══ Record excerpts ══

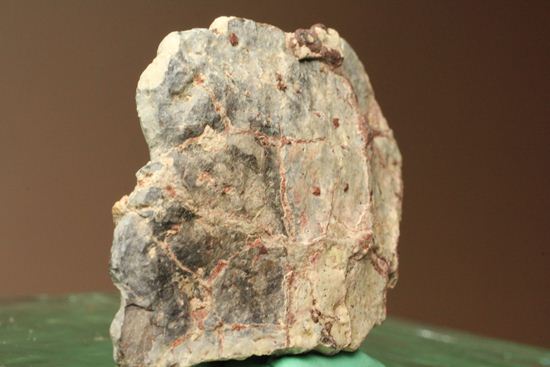 アンキロサウルスの装甲板の化石（その6）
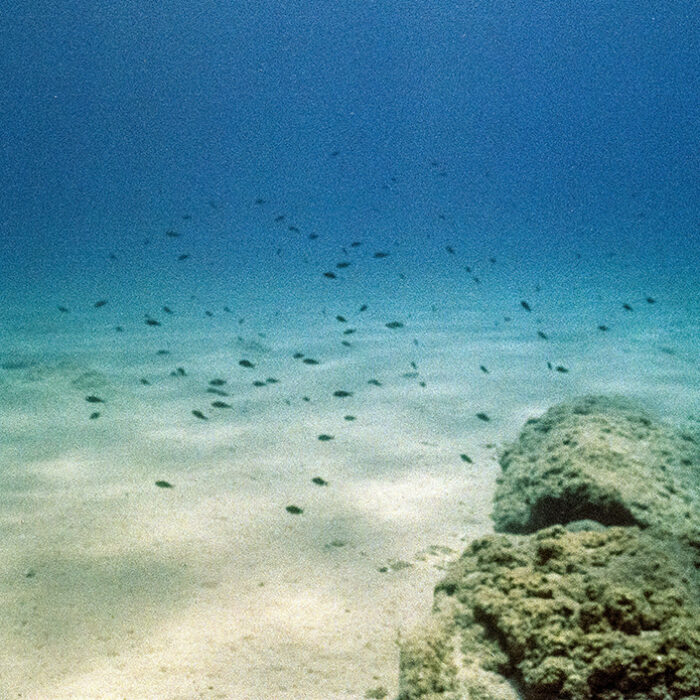 Study Shows Deep-Sea Mining Could Harm Biodiversity as It Discovers New Species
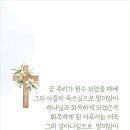 디자인쏠트 이미지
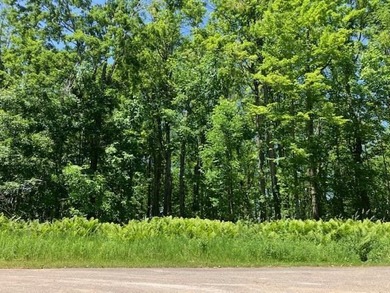 Beach Lot For Sale in Alanson, Michigan
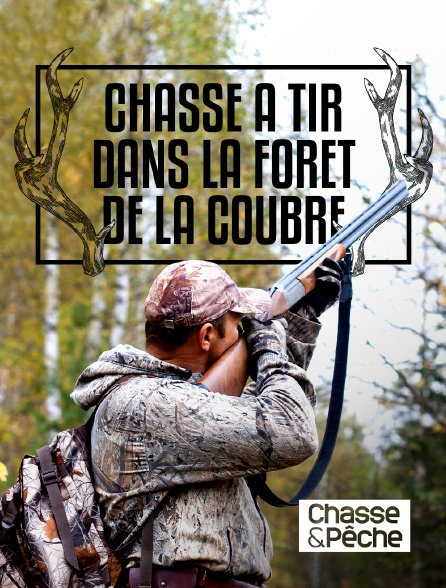 Chasse et pêche - Chasse à tir dans la forêt de la Coubre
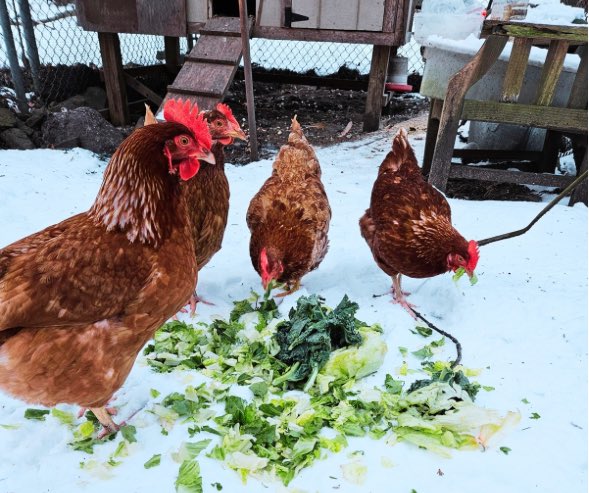 How Raising Chickens Can Help Reduce Food Waste and Provide Fresh Eggs ...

═══

Work instructions >> Write the lines from the one with "Chasse et pêche" through the last line of the entries out again exactly, both ends included, and skip the pictures.

Answer space >>
 Chasse et pêche - Chasse à tir dans la forêt de la Coubre
 How Raising Chickens Can Help Reduce Food Waste and Provide Fresh Eggs ...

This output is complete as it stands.